A new phase of life…as an endangered species
A week ago it became evident to me it was no longer working. The irony of the announcement being made at the beginning of #DisabilityPrideMonth is not lost on me. Our paths and perspectives over these years have become so different. Our values, once so aligned, have diverged to the point where when I look at you, I feel like I don’t even know you anymore.
You’ve been there for me, literally, my entire life. You watched me while I grew inside my mom’s tummy, with a nervous excitement. You celebrated my arrival into our community with tremendous joy and hope, a way all babies should be welcomed in the world. 32 year and 34 years later you welcomed my son and my daughter in much the same way, though a change started happening.
You let someone in to our relationship. Someone who saw me as a curiosity. As a problem to solve. Who looked at my body and found nothing but fault. Who looked at me not as a brilliant and vivacious person who mattered on this planet, because we all matter, but as a profit line on a on a budget. An incorrect line of code instead of a member of a community that exists all over the planet, with a robust history and culture.

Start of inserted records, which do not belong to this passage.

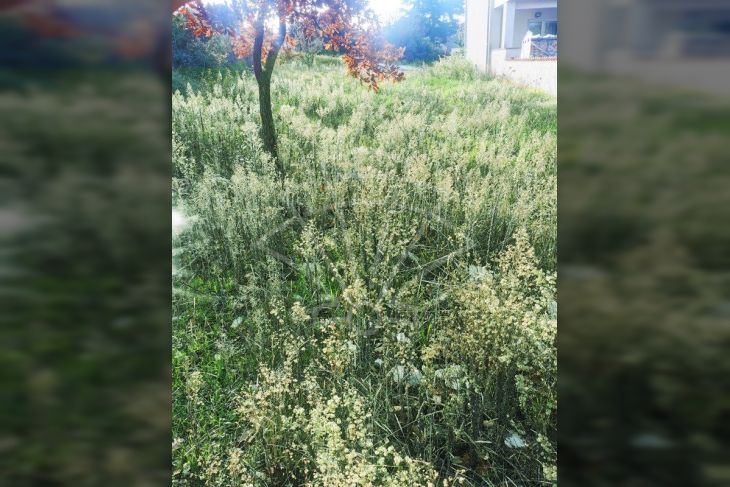 Građevinsko zemljište, Prodaja, Pula, Pula Građevinsko zemljište, Prodaja, Pula, Pula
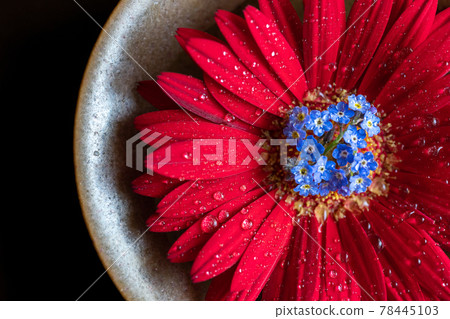 紅色非洲菊上的藍色遺忘草 紅色非洲菊上的藍色遺忘草 78445103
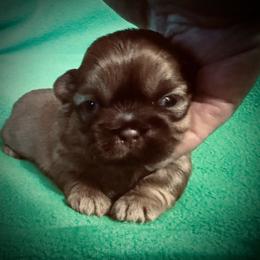 Annie - Liver female Shih Tzu puppy in North Central Oregon, Oregon from T-Amore Shih Tzu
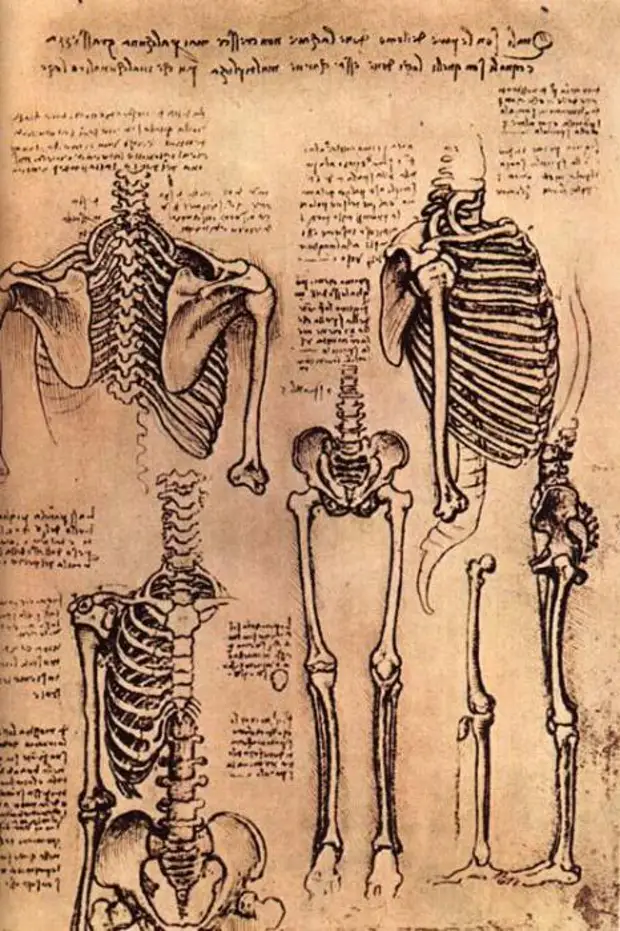 Рисунок скелета, сделанный Леонардо да Винчи. | Фото: ru.wikipedia.org.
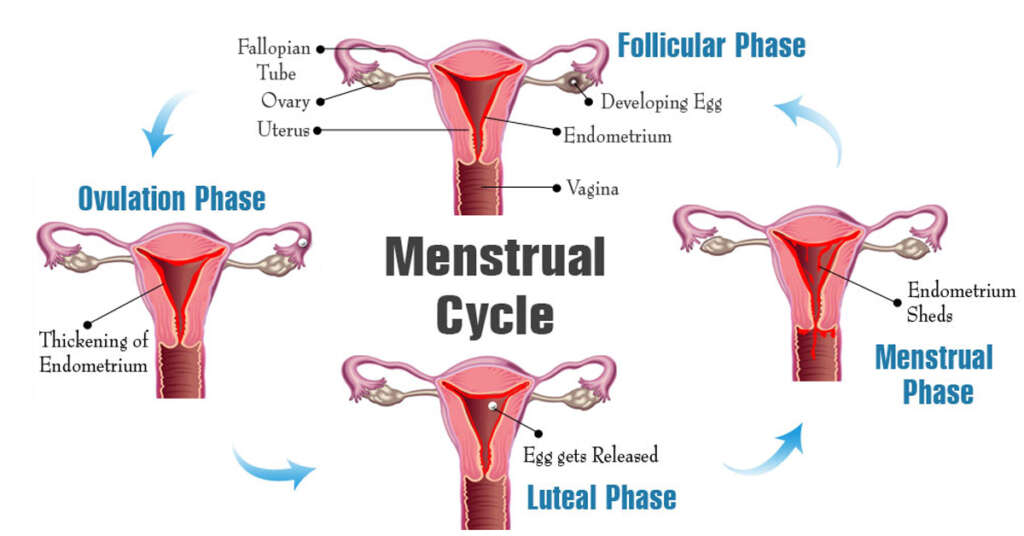 Four phases of Menstrual cycle every woman should take note of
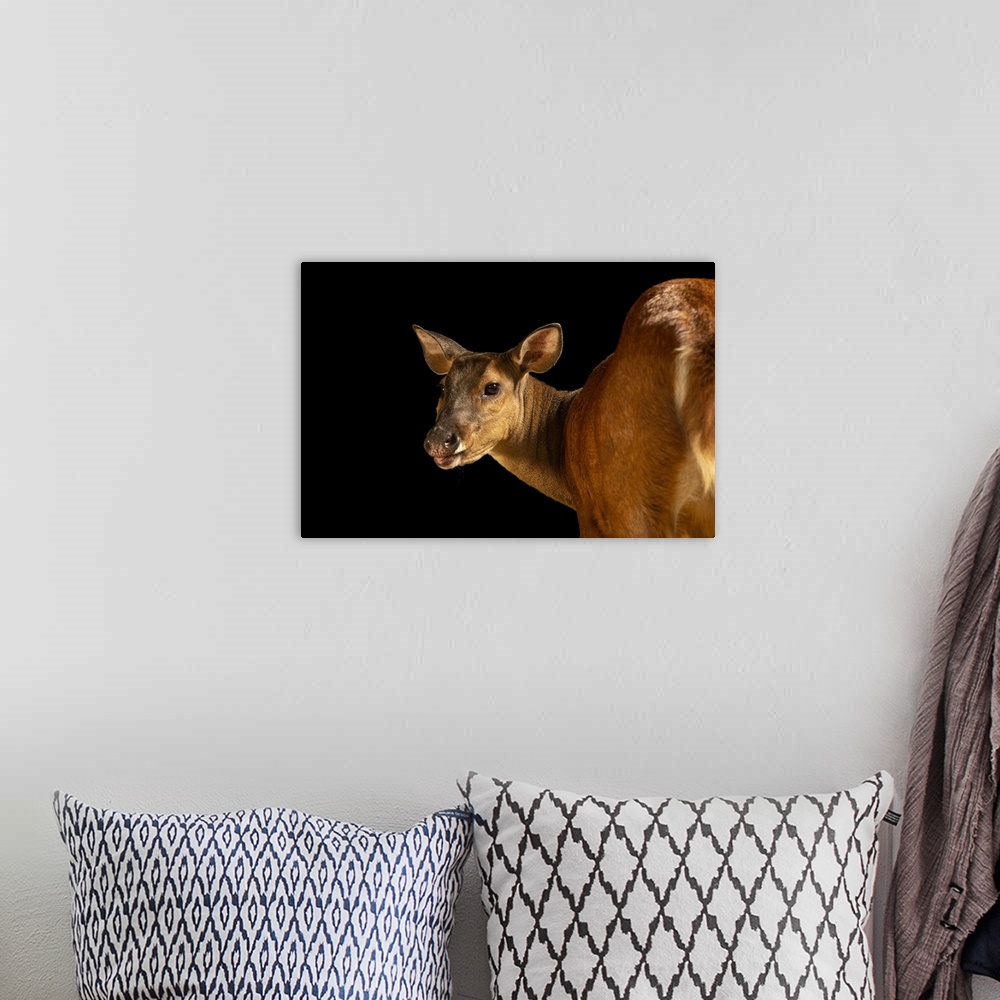 A bohemian room featuring Valentina, a female red brocket deer (Mazama americana) at Amazon Shelter, a wildlife rescue, reh...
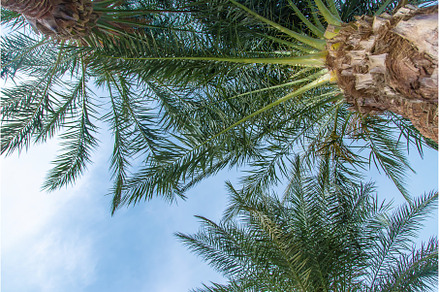 Palm leaves against the sky, a Nature Photo by yanadjana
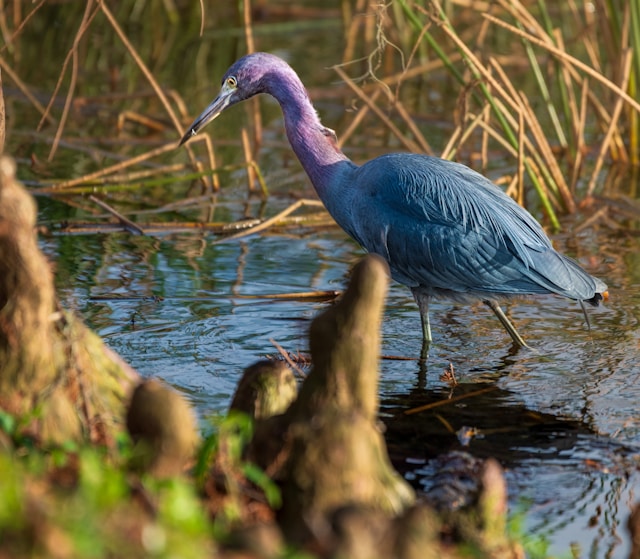Herons in Florida Little Blue Heron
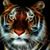 Joyce Curtis's profile image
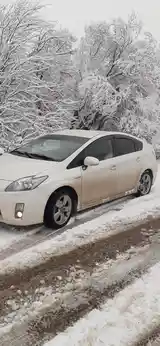 Toyota Prius, 2010-5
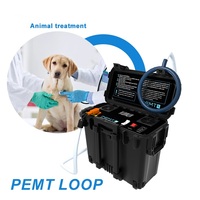 Appareil de thérapie PEMF pour chevaux, haute intensité, boucle magnétique pulsée 24700 Gauss pour la récupération des performances équines et le soutien articulaire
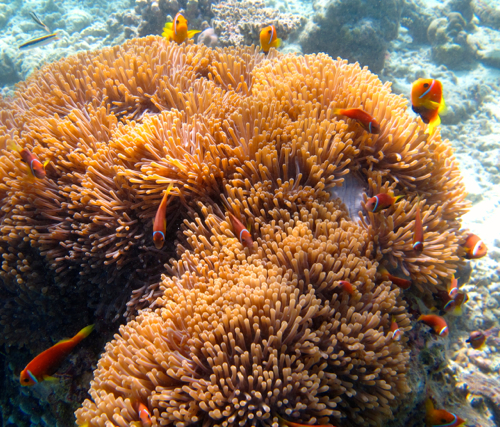 d0298808_20381469.jpg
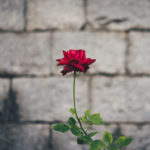 home, community, fellowship, alone, mentoring, Christian, scripture, Oh Lord Help Us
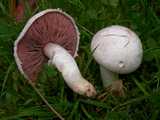 Agaric champetre (<em>Agaricus campestris</em> - <em>Feldegerling</em>)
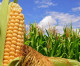 Brasil: exportação de milho alcança valor recorde de US$ 1,34 bi em agosto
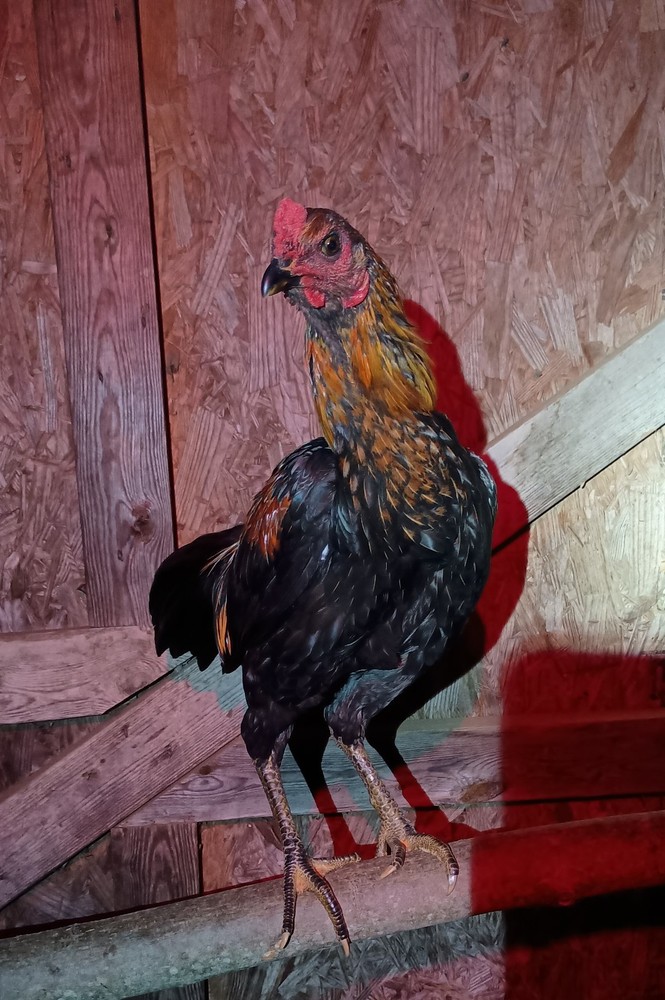 6+ Fertile Hatching Eggs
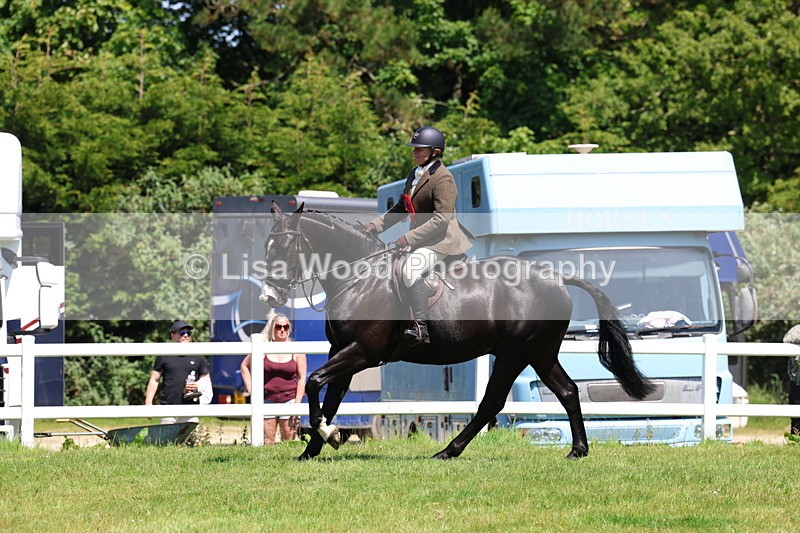 3E7A7434 - Class 30: Novice Working Hunter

You actually started gaslighting me about this. Telling me what I saw very clearly happening, was not happening. That this third party was not driving a wedge in our relationship. You told me I didn’t understand at first, but you’d help me. And gradually, as time went on, you got angry with me. You told me that my pride in myself, the nurturing of our beloved community, was hurtful and that I was the problem (literally, you said this).
You told me this party was benevolent, while they stole our stories and manipulated them for financial and material profit. You told me they wanted progress, while they they never sought to address the problems we asked for help with, instead they just wanted to make me taller. Something I never asked for, something I never wanted.
You, the safe space, the place where we were told our bodies were beautiful. Where we mattered. Where we could be leaders. Where we could dream.
You sold us out to the pharmaceutical industrial complex.
So now, over fifty years after its founding by A LITTLE PERSON, for the preservation, support, and social engagement of LITTLE PEOPLE, you’re shrugging at the eradication of your own people. Just as you said it was decades away in the first place, you’re lying. Just as you said they wouldn’t abuse our trust, that it was safer to let them in than to push them out, you’re lying. You took their money and feel NO accountability for their actions. You lie, lie, and lie.
And because of the lies in our relationship, in November I will become an endangered species. Don’t try to tell me I won’t. You haven’t been honest throughout the whole thing and I refuse to be convinced otherwise.
If you’re going to be make me an endangered species, then damnit, I will be a buffalo. and I will run towards this storm, and not away from it. I will fight for the preservation of my community, of my children, and their children. I will stand for our people while you serve them up on a platter.
This is not about progress. This is about eugenics.
“First and foremost, we are people. We aren’t sub-human, we didn’t leap from the pages of a storybook or from an enchanted forest. We are people with all the hopes, dreams, passions, and faults of everyone else. We are your brothers, your daughters, your friends. AND WE HAVE THE RIGHT TO SURVIVE.”